Reporter Michael McCann writes that “the fallout of these revelations will implicate Angels’ employees with serious wrongdoing and could lead to both criminal charges and civil litigation.” McCann further writes that, “the death of Scaggs could lead to litigation against the Angels and MLB. Baseball also knows from the steroids scandal of the early 2000s that federal investigations are controlled by the government, not baseball. These investigations can lead to congressional hearings and threats by members of Congress to take away from leagues and players’ associations the power to formulate and administer drug testing.”

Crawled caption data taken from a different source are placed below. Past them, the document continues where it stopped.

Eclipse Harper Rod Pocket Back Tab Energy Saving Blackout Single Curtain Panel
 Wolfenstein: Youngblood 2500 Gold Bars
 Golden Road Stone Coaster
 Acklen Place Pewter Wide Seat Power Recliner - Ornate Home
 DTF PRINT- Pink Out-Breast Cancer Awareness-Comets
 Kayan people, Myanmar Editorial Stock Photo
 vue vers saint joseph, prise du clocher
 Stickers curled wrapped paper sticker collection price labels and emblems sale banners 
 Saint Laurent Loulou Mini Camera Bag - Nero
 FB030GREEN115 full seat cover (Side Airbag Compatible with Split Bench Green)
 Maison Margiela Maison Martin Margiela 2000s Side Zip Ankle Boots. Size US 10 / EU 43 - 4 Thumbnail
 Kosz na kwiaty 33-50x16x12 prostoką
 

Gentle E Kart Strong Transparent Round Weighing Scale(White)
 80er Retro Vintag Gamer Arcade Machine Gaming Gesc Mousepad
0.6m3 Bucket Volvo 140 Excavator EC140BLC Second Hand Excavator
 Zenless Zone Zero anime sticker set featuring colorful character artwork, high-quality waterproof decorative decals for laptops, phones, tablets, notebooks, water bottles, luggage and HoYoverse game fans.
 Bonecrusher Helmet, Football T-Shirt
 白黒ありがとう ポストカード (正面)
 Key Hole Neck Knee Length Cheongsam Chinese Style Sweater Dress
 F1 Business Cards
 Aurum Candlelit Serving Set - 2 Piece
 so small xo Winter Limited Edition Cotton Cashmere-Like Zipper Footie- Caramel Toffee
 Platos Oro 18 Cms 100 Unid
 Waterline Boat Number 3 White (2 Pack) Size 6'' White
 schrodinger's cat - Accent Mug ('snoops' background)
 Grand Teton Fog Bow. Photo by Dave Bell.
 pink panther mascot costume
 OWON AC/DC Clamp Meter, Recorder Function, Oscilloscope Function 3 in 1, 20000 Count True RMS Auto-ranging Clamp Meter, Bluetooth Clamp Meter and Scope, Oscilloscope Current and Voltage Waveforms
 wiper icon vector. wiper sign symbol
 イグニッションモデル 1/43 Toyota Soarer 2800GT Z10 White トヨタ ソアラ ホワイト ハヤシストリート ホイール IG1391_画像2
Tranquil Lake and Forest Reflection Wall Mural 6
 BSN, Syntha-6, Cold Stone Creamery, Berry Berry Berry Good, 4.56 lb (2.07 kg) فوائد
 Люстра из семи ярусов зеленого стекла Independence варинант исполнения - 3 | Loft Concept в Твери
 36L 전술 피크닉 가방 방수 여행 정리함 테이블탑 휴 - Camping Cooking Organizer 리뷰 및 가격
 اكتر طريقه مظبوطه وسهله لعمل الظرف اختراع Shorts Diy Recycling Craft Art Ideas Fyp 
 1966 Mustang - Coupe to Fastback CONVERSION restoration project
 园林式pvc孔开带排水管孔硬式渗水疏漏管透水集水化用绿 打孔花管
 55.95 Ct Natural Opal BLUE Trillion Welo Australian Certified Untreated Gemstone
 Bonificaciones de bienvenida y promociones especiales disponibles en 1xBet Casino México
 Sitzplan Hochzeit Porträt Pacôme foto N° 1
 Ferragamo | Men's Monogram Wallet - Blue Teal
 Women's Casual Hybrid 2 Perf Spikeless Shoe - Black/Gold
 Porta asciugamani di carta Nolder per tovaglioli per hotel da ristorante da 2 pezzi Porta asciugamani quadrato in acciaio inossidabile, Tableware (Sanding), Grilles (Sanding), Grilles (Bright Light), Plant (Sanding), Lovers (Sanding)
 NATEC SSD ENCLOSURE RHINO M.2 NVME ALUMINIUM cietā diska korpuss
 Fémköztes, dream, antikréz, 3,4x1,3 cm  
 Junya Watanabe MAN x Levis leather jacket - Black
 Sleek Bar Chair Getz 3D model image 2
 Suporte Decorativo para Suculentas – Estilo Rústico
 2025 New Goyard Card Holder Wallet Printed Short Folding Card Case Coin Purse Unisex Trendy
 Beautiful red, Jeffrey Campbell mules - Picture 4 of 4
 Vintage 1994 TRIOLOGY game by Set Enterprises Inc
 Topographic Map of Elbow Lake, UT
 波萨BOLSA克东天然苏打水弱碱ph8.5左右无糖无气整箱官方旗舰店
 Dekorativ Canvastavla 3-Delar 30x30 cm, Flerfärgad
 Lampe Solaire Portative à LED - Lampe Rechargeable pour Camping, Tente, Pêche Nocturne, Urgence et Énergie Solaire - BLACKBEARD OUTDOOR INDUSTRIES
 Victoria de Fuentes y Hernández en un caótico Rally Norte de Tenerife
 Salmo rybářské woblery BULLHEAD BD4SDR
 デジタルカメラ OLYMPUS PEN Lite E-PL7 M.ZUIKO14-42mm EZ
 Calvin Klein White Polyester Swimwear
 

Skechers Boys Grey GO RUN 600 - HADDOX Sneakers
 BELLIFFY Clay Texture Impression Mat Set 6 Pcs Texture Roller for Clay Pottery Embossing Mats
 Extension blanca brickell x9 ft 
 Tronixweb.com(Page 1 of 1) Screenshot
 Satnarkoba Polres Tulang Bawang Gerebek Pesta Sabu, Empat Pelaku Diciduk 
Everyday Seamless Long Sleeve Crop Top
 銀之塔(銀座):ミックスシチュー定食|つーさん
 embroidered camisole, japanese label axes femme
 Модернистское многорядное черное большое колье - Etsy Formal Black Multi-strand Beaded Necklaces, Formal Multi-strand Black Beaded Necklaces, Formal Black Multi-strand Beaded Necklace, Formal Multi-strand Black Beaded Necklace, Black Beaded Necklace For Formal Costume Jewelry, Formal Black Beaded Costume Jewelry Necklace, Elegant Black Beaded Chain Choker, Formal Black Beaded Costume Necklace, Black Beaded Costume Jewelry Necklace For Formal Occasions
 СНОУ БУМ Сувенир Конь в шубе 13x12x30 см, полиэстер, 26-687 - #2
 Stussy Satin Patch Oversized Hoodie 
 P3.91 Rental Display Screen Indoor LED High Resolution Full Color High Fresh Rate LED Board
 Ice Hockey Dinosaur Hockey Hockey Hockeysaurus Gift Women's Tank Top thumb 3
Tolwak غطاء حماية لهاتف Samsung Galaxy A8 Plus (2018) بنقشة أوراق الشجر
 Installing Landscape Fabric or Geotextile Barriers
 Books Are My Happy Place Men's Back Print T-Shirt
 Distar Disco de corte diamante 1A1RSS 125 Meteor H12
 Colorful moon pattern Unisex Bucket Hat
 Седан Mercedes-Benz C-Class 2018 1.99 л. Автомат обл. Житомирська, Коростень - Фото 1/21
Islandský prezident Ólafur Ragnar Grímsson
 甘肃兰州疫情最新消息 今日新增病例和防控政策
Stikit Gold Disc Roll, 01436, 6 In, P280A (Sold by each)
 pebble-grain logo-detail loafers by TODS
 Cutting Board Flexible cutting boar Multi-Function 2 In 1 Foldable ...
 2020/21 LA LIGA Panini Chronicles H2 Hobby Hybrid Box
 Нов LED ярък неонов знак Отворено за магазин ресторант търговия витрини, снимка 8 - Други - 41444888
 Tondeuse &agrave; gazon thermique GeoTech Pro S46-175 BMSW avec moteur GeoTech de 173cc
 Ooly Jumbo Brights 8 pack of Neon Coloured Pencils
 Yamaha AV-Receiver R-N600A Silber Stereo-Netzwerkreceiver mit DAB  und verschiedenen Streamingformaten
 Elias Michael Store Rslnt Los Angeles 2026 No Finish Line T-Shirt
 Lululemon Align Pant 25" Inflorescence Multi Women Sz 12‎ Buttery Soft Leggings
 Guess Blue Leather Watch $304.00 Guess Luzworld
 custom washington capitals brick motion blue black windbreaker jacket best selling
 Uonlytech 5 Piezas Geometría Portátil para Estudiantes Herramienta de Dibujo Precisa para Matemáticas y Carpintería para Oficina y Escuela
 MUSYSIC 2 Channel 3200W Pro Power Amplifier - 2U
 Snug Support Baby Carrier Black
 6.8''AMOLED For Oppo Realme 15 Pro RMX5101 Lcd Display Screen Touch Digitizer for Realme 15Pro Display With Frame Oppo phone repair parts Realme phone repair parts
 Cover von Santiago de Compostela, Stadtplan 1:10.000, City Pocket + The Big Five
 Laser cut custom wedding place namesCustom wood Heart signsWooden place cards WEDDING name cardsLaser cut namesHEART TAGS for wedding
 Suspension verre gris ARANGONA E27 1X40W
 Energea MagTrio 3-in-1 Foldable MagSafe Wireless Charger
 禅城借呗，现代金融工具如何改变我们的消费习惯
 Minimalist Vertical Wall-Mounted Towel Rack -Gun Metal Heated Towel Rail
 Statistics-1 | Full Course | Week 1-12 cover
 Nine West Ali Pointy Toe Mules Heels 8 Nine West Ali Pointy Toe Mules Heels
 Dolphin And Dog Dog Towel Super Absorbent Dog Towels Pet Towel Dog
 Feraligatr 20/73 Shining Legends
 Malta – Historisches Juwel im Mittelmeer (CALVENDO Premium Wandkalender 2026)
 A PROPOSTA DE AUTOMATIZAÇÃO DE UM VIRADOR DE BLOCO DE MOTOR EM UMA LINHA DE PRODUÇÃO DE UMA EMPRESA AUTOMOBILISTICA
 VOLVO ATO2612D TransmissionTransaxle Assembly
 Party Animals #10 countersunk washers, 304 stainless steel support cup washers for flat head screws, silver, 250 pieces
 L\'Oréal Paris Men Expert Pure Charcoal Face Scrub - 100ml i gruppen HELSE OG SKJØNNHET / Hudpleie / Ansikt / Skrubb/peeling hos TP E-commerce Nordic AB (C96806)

While the investigations by federal authorities and MLB continue, baseball should now take the opportunity created by this latest scandal to develop a preventive program to address wrongdoing and all areas of compliance/ethics/integrity risk within the sport. To begin, MLB and its team owners should answer the following questions:
Isn’t it time for MLB and the Major League Players Association (MLBPA) to sit down together to discuss what steps can be taken to prevent drug abuse and other matters of wrongdoing beyond that which is now being done within their ranks?
What lessons can be learned from other businesses and industries that have successfully developed effective compliance and ethics programs?
What are the risks, especially with the advent of legalized sports gambling, of MLB and its players doing nothing?
What would be the benefits of each MLB team establishing its own compliance and ethics program?
What role could MLB and the MLBPA play in encouraging team owners to invest in preventive programs?
The emerging risks associated with legalized sports betting should give pause to all sports leaders. Norman Chad of the Washington Post writes that “…at the moment 13 states have legalized sports betting, five states plus Washington, D.C., recently passed bills to legalize it and 25 states have introduced sports-betting legislation. Eventually, we will have in-game, in-stadium sports betting. What could go wrong?”
Of course, everything could go wrong for baseball. While MLB was largely effective in addressing the problems of the steroid era, it continues to face scandals involving a wide range of issues, and potential scandals are looming with the advent of legalized sports gambling. This is a golden opportunity for MLB and its teams to recognize the need for effective and well-funded compliance and preventive programs.